You must always avoid adding fresh animal manure to your garden. Manure contains high amounts of nitrogen, and if you plant in it too quickly, it’ll burn your plants, killing them. The best manure comes from chickens, cows, horses, sheep, rabbits, and goats. Never use manure from dogs, cats, or humans because of the bacteria inside of the waste.
Ideally, you’ll compost the manure for at least a year, so it takes time to plan. However, since animals create a never-ending amount of waste, it’s the perfect way to fill raised beds cheaply. Let the animals save you some money, finally.
Buy Soil in Bulk
I gave up buying bagged soil years ago. When you need to fill a few garden beds and each bag is over $3, sometimes closer to $5, it adds up too quickly.
That’s where buying soil in bulk comes into play. Many gardening stores and local nurseries offer big discounts if you buy soil by the truckload or yard. It’s a much more affordable option than individual bags.
Add Materials for Aeration
No matter which one of the above tips you use for filling raised beds cheaply, you still need to add materials to your garden beds that encourage good aeration. Aeration allows for proper airflow throughout the soil, allowing water to reach the roots and avoiding compacted soil.
You don’t want to add too many aeration materials because it’ll cause the soil not to hold water. Try materials like perlite, pumice, lava rock, or coarse sand.
How Much Soil Do You Need to a Fill a Raised Bed?
After you decide how to fill raised beds cheaply, you have to figure out how much soil you need to fill your raised beds. The first step is to take the measurements of your bed, which you’ll know if you built or bought them. You have to multiple each measurement to get the cubic feet of soil to fill the raised beds.
For example, if your garden bed measures 8’ x 4’ x 1’, you need 32 cubic feet of soil to fill the bed. You should buy a bit extra because the soil tends to settle, and you might end up with gaps.

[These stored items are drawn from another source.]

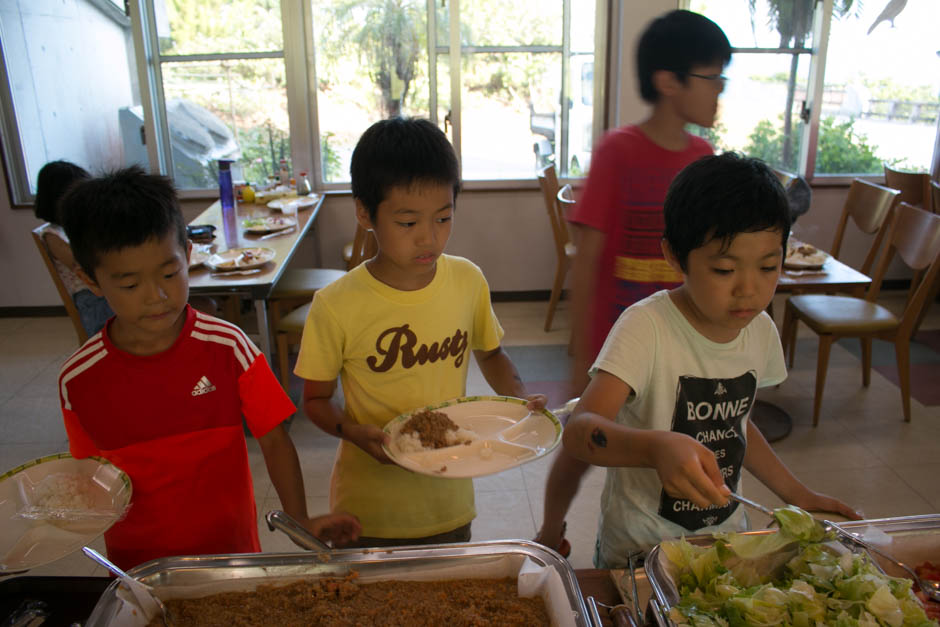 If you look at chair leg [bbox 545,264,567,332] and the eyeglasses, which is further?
chair leg [bbox 545,264,567,332]

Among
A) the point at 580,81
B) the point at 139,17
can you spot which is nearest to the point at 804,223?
the point at 580,81

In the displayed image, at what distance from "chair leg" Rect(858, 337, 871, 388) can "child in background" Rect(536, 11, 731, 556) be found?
2.19 meters

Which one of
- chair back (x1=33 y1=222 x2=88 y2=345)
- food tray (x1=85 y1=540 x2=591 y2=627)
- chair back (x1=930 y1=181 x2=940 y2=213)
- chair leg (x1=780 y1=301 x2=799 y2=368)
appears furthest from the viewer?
chair back (x1=930 y1=181 x2=940 y2=213)

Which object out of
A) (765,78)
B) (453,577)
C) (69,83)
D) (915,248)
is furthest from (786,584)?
(69,83)

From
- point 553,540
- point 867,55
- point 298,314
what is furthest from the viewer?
point 867,55

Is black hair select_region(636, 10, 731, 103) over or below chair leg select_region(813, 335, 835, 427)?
over

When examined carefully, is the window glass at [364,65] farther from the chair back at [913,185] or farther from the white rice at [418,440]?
the white rice at [418,440]

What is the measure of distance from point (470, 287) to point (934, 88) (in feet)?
15.5

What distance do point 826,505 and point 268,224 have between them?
3.06m

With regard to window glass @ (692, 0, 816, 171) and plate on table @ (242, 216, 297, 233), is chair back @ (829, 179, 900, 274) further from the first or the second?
plate on table @ (242, 216, 297, 233)

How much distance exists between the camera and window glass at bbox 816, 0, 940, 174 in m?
4.49

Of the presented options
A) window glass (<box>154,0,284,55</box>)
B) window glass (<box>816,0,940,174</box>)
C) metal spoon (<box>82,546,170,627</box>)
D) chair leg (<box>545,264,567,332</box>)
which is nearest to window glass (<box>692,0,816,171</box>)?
window glass (<box>816,0,940,174</box>)

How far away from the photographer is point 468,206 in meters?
4.71

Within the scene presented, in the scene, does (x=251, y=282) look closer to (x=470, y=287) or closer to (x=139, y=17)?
(x=470, y=287) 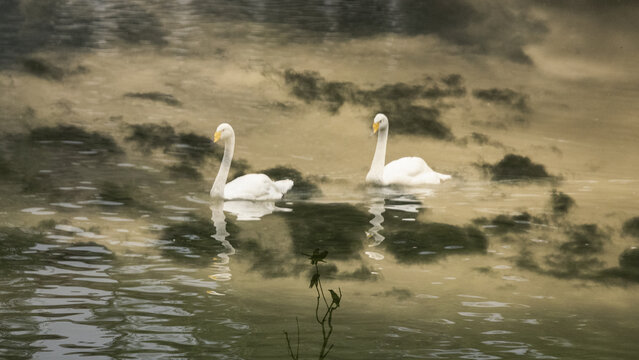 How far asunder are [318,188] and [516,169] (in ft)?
7.04

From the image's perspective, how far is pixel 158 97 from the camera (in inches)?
509

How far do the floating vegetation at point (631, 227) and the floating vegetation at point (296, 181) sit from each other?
262 cm

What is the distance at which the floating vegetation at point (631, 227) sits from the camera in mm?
8484

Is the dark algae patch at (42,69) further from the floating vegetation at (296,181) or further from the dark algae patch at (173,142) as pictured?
the floating vegetation at (296,181)

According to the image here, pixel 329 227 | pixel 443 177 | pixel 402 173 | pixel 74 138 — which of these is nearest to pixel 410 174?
pixel 402 173

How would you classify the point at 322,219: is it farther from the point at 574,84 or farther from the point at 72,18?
the point at 72,18

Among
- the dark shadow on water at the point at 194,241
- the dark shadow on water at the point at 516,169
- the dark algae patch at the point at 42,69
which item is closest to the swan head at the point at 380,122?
the dark shadow on water at the point at 516,169

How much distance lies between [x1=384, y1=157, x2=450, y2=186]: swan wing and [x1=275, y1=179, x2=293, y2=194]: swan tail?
0.92 meters

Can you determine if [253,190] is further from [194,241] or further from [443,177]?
[443,177]

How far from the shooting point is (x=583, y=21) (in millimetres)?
17188

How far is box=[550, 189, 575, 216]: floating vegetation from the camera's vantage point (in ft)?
29.5

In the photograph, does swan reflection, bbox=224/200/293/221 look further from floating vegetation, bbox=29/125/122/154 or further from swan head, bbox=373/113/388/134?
floating vegetation, bbox=29/125/122/154

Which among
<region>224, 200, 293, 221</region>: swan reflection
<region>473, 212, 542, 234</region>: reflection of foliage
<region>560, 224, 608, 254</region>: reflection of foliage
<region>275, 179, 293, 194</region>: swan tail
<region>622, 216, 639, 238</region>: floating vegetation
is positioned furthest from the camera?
<region>275, 179, 293, 194</region>: swan tail

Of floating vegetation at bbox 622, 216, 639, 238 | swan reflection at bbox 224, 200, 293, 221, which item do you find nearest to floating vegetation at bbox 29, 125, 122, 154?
swan reflection at bbox 224, 200, 293, 221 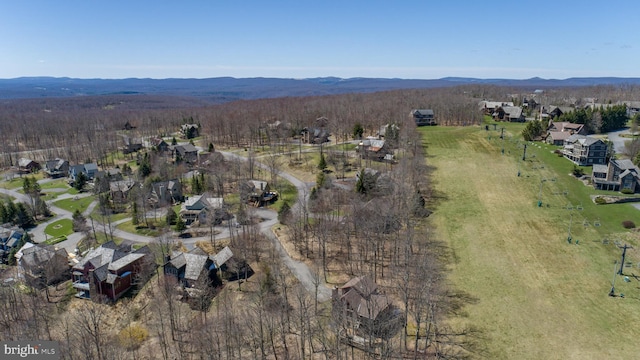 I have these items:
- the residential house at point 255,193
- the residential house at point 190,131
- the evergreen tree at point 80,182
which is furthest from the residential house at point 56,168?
the residential house at point 255,193

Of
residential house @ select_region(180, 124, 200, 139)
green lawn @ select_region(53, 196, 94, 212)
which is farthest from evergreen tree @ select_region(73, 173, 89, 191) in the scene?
residential house @ select_region(180, 124, 200, 139)

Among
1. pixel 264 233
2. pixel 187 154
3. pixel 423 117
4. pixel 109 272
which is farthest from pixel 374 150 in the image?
pixel 109 272

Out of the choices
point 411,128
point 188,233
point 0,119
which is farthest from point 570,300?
point 0,119

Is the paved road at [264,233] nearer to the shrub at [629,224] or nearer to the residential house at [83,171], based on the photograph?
the residential house at [83,171]

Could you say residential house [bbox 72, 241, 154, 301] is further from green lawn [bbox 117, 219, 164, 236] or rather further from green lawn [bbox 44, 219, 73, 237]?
green lawn [bbox 44, 219, 73, 237]

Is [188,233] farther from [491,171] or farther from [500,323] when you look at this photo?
[491,171]

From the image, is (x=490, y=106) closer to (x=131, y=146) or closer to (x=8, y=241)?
(x=131, y=146) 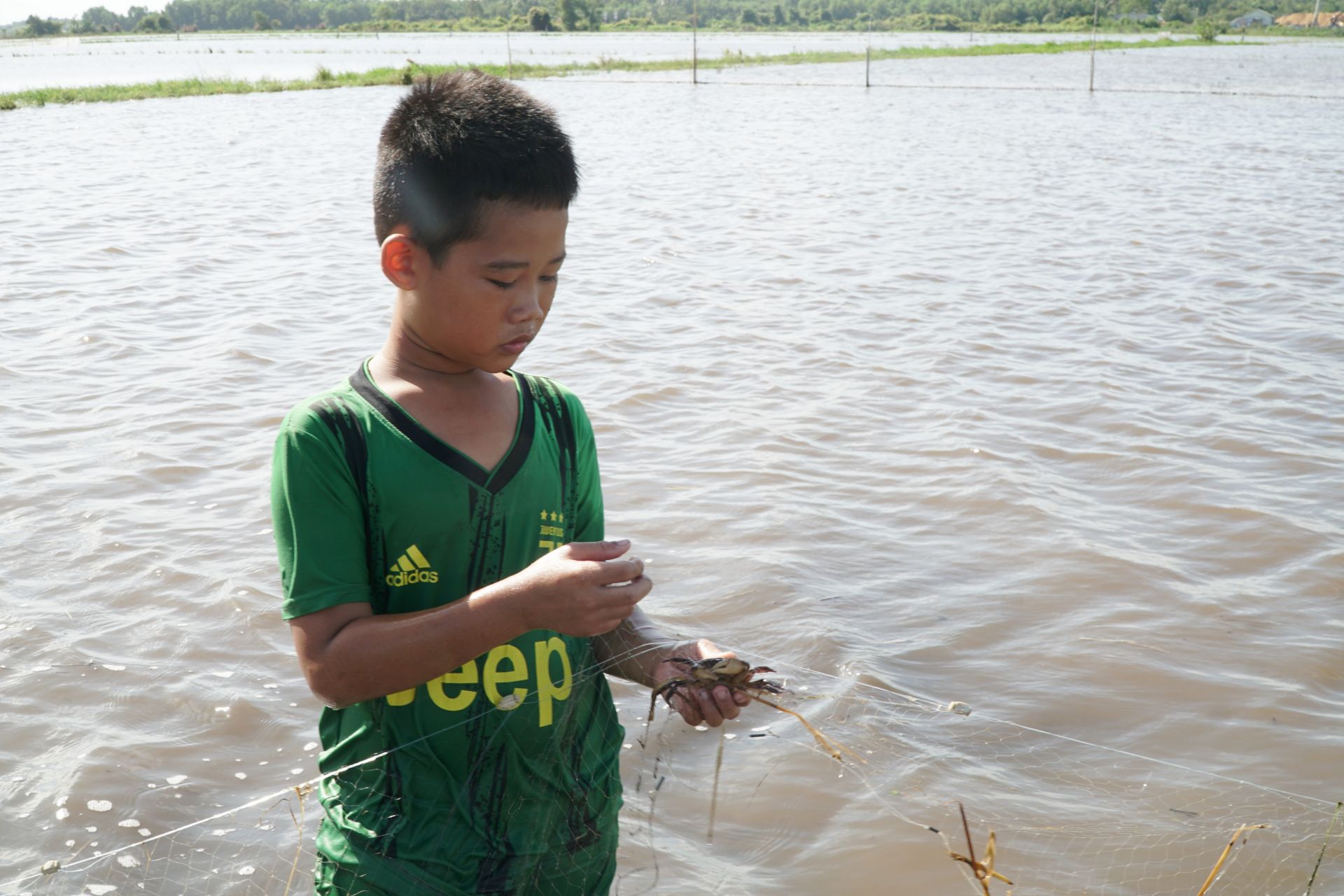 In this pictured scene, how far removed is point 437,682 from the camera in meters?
1.60

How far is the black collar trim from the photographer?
5.19 feet

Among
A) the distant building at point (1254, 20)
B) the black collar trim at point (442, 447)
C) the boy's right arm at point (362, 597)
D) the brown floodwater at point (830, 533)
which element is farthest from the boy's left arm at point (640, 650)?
the distant building at point (1254, 20)

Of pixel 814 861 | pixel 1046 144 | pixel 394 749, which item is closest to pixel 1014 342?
pixel 814 861

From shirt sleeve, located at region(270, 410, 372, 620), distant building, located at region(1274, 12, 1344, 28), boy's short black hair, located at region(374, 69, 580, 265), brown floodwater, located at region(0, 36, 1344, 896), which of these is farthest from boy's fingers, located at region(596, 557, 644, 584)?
distant building, located at region(1274, 12, 1344, 28)

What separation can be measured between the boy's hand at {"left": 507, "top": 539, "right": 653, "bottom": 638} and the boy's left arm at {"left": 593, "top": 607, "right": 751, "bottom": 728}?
0.31 meters

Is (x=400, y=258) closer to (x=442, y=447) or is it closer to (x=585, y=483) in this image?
(x=442, y=447)

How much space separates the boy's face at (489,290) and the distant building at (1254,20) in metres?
100.0

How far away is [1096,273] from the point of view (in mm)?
9008

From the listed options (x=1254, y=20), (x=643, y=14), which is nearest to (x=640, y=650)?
(x=1254, y=20)

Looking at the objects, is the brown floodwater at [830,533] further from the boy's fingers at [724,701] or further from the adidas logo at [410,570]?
the boy's fingers at [724,701]

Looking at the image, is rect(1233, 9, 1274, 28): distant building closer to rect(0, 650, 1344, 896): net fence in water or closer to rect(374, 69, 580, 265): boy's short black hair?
rect(0, 650, 1344, 896): net fence in water

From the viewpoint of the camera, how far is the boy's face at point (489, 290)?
63.0 inches

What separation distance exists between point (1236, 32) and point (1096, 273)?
266ft

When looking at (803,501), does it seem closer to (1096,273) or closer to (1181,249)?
(1096,273) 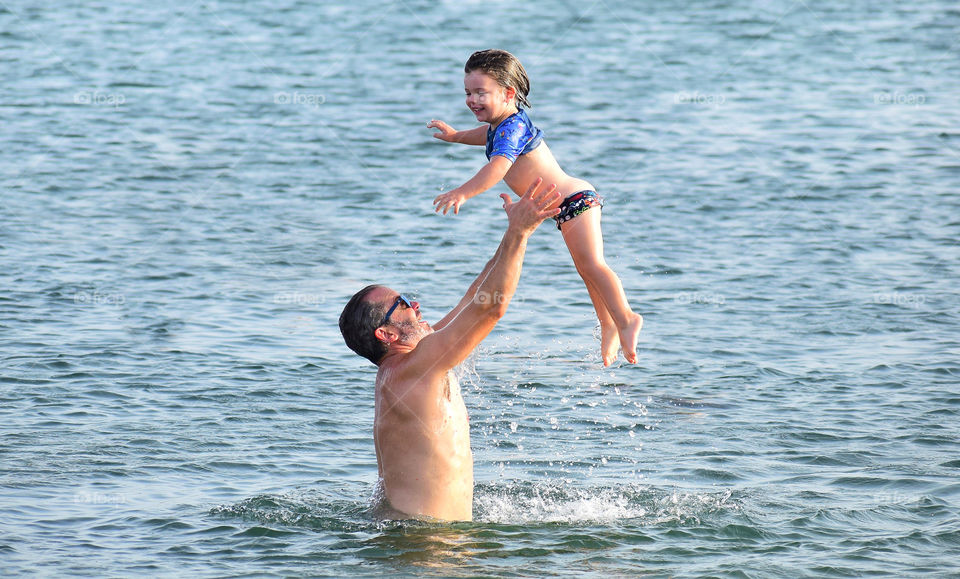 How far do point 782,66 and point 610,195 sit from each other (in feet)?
31.1

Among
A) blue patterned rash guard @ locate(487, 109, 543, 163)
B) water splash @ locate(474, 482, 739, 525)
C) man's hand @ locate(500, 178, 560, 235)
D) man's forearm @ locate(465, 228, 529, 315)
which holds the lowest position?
water splash @ locate(474, 482, 739, 525)

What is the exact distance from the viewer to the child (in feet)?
24.2

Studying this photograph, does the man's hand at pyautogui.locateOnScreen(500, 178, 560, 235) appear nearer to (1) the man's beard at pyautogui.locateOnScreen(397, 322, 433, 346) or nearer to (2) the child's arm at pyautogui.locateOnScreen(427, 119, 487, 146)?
(1) the man's beard at pyautogui.locateOnScreen(397, 322, 433, 346)

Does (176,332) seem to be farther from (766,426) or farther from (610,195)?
(610,195)

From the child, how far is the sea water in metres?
0.94

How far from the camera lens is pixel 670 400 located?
35.3 feet

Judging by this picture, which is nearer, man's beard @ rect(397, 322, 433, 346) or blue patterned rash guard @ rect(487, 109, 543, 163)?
man's beard @ rect(397, 322, 433, 346)

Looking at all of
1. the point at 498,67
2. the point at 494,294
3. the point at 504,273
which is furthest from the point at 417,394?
the point at 498,67

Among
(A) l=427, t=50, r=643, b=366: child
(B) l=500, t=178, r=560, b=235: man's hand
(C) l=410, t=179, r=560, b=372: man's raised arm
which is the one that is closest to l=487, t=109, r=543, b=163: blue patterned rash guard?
(A) l=427, t=50, r=643, b=366: child

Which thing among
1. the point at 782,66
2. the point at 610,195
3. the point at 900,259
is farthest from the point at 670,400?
the point at 782,66

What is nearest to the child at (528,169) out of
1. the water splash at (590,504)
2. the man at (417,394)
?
the man at (417,394)

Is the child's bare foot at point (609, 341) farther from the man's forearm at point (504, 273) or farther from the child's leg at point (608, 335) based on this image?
the man's forearm at point (504, 273)

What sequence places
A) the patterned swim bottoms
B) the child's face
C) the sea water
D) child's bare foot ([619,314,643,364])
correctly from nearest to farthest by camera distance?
1. the child's face
2. child's bare foot ([619,314,643,364])
3. the patterned swim bottoms
4. the sea water

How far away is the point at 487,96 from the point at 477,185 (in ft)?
2.03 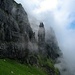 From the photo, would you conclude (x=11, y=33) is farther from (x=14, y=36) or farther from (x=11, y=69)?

FAQ About Filling Raised Garden Beds
Do you have other questions about filling your raised garden beds? Here are a few of the most common concerns that gardeners had when building and filling raised beds.
Do I Need to Remove Weeds at the Bottom of Raised Beds?
No, you don’t have to remove weeds at the bottom of the raised bed, but not eliminating weeds makes it possible for the weeds to grow up still and invade your new bed.
One of the best practices is simply covering the bottom of your new raised bed with cardboard, suppressing the weeds. Cardboard decomposes over time, but by the time that it does, the weeds will be dead.
Is Topsoil OK for Raised Beds?
Topsoil belongs as part of the soil mixture used in raised beds, but you cannot only use topsoil to fill your new garden bed. Topsoil is a filler; it bulks up the amount of soil you have in your garden bed. However, plants need plenty of nutrients, and topsoil doesn’t contain enough organic matter for your plants to grow as needed.
Typically, when you create a raised bed mixture, topsoil should account for 10-20% of your mixture. You don’t want to increase it beyond that because your plants need plenty of nutrients.
Can You Fill a Raised Bed with Just Compost?
No, you should never fill a raised bed with only compost. It should account for 30-50% of your garden soil when creating a soil blend for your raised beds. While compost will give your plants plenty of nutrients, the soil will drain away too quickly, washing away the nutrients, causing your plants to starve.
Filling raised beds is an expensive endeavor, which makes many people shy away from gardening. Don’t let the cost prevent you from gardening; try a few of these tips for filling raised beds cheaply. Your plants and budget will be happy.